Our study evaluated the morphological features of human anterior capsules obtained with standard phacoemulsification technique and FLACS, respectively. The latter ones were collected following the use of Ziemer LDV Z8, a femtosecond laser that takes advantage of a low energy high frequency system (high pulse repetition rate—up to 10 MHz—combined with a very low energy range of 100–150 nJ) [20] and uses a liquid optic interface to ease the capsulotomy and lens fragmentation phases. These properties allowed obtaining anterior capsule specimens owning a well-preserved histomorphology, with epithelial cells uniformly adherent, when compared to samples obtained after manual technique, as demonstrated by phase contrast and SEM analyses.
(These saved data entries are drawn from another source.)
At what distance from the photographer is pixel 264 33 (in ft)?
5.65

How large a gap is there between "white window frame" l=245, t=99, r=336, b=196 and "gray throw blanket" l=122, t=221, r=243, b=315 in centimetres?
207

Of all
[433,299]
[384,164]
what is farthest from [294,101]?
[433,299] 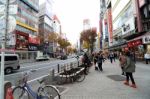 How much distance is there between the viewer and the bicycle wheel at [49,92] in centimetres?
662

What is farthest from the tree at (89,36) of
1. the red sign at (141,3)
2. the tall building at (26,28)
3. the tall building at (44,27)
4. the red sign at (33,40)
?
Result: the red sign at (141,3)

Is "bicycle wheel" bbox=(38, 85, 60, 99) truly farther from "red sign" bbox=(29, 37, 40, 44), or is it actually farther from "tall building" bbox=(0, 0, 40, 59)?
"red sign" bbox=(29, 37, 40, 44)

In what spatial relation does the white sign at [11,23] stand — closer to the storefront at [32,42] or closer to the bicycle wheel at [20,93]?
the bicycle wheel at [20,93]

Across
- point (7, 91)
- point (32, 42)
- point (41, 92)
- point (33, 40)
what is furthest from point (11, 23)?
point (33, 40)

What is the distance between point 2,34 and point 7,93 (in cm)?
162

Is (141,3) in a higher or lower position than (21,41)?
higher

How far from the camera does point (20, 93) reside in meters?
6.96

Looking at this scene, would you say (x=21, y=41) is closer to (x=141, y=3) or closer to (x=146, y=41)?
(x=141, y=3)

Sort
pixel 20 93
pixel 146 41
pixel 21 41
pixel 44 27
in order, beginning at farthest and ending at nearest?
1. pixel 44 27
2. pixel 21 41
3. pixel 146 41
4. pixel 20 93

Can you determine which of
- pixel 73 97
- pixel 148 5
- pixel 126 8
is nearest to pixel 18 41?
pixel 126 8

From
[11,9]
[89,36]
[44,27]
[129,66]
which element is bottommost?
[129,66]

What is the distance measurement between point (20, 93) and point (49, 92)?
106 cm

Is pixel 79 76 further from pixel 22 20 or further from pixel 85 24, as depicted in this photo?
pixel 85 24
In accordance with the existing literature, the edges of anterior capsules derived from FLACS were less regular and characterized by a saw-tooth pattern, when compared to the smooth rim produced by manual technique [21, 22]. The pattern observed in the FLACS group is most likely attributable to high density pulse raster and high precision optics of the Femto LDV Z8 laser, which result in multiple overlapping spots that create a continuous clean cut, resembling the one obtained with B-MICS technique [23].
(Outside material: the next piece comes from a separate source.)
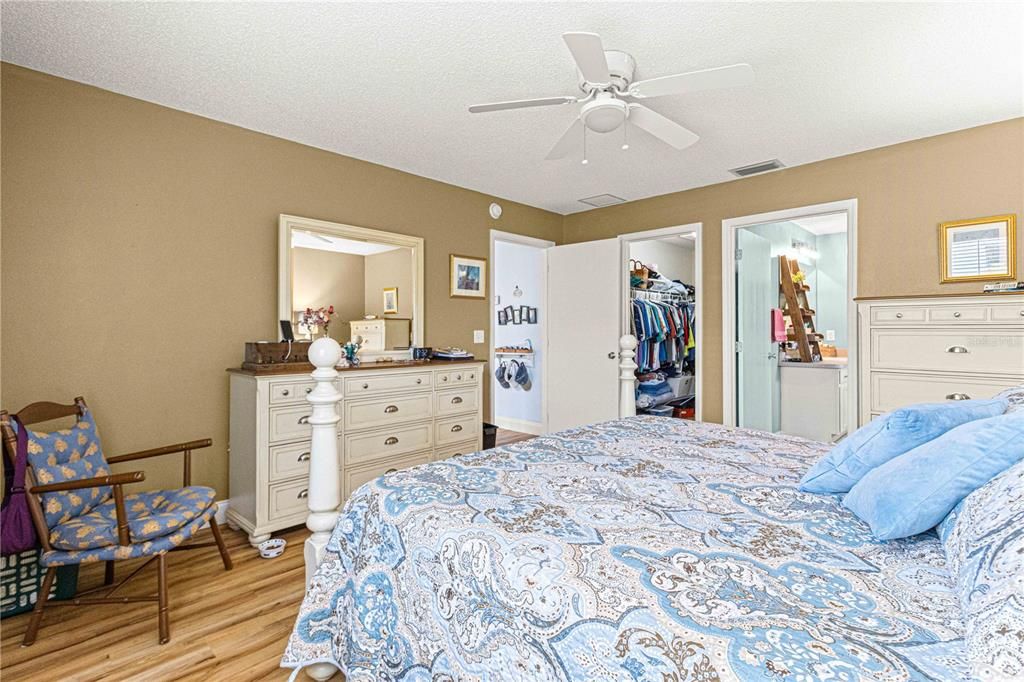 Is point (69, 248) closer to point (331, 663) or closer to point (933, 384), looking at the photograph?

Anterior capsule specimens obtained through FLACS technique also showed a higher thickness, when compared to capsules derived from B-MICS, most likely due to the presence of cortex adherent to the anterior capsule.
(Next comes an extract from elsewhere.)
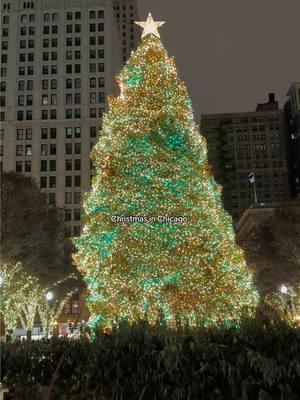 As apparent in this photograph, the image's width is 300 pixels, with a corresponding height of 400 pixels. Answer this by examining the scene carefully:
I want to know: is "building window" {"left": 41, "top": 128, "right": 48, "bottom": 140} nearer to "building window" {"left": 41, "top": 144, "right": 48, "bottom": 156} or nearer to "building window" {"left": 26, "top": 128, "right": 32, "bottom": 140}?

Besides histomorphological characteristics, our data showed that apoptosis occurred in epithelial cells of anterior capsules obtained from both surgical techniques. In particular, cleaved caspase 3 expression was significantly higher in samples collected following FLACS, with a positive staining not limited to the cells along the cutting edge but also spread to the inner core of the capsule, thus suggesting a wider induction of cell death. Conversely, in the epithelial layer adhering to the capsule specimens derived from B-MICS procedure, apoptosis was detected only along the cutting rim, as a consequence of mechanical injury induced by the forceps mediated extraction of anterior capsule. This greater apoptotic event affecting the monolayered epithelium beneath the anterior capsule after FLACS is likely due to laser pulse energy, photodisruption-dependent plasma formation, and subsequent creation of cavitation bubbles [4]. Our data are consistent with previous findings from Mayer et al. [24] and, particularly, a spread expression of the apoptotic effector cleaved caspase 3 might represent a positive predicting factor that allows preventing capsular bag opacification, by strongly inhibiting the proliferation of residual epithelial cells which generally correlates to postoperative inflammatory response [25, 26]. From a clinical point of view our study highlighted that, 3 months after surgery, patients from either FLACS or B-MICS groups showed a statistically significant improvement in best-corrected visual acuity (BCVA) values, with respect to the baseline measurements. Noteworthy, as far as endothelial cell count is concerned, a statistically significant decrease in corneal endothelial cell loss was observed in FLACS group, event that is attributable to shorter phacoemulsification times. These data are in accordance with previous findings demonstrating that laser cataract surgery is less traumatic to the corneal endothelium besides offering a tool for surgeons to standardize the critical phases of cataract surgery, through an initial learning curve [27-29].

5. Conclusions

The use of femtosecond laser in cataract surgery allows optimizing some of the most difficult steps of the procedure, including capsulotomy, nuclear fragmentation, and corneal incisions, besides providing more accurate and repeatable outcomes. Our findings are in accordance with the existing literature; however further studies will be needed to match the bright sides of manual technique and femtosecond laser, by defining the optimal combination of laser energy, repetition rate, and spot size, in order to obtain better quality capsulotomies with regular cutting edges comparable to those of manual capsulorhexis, and to reduce the inflammatory response in the eye, thus, preventing lens epithelial cell proliferation and capsular bag opacification.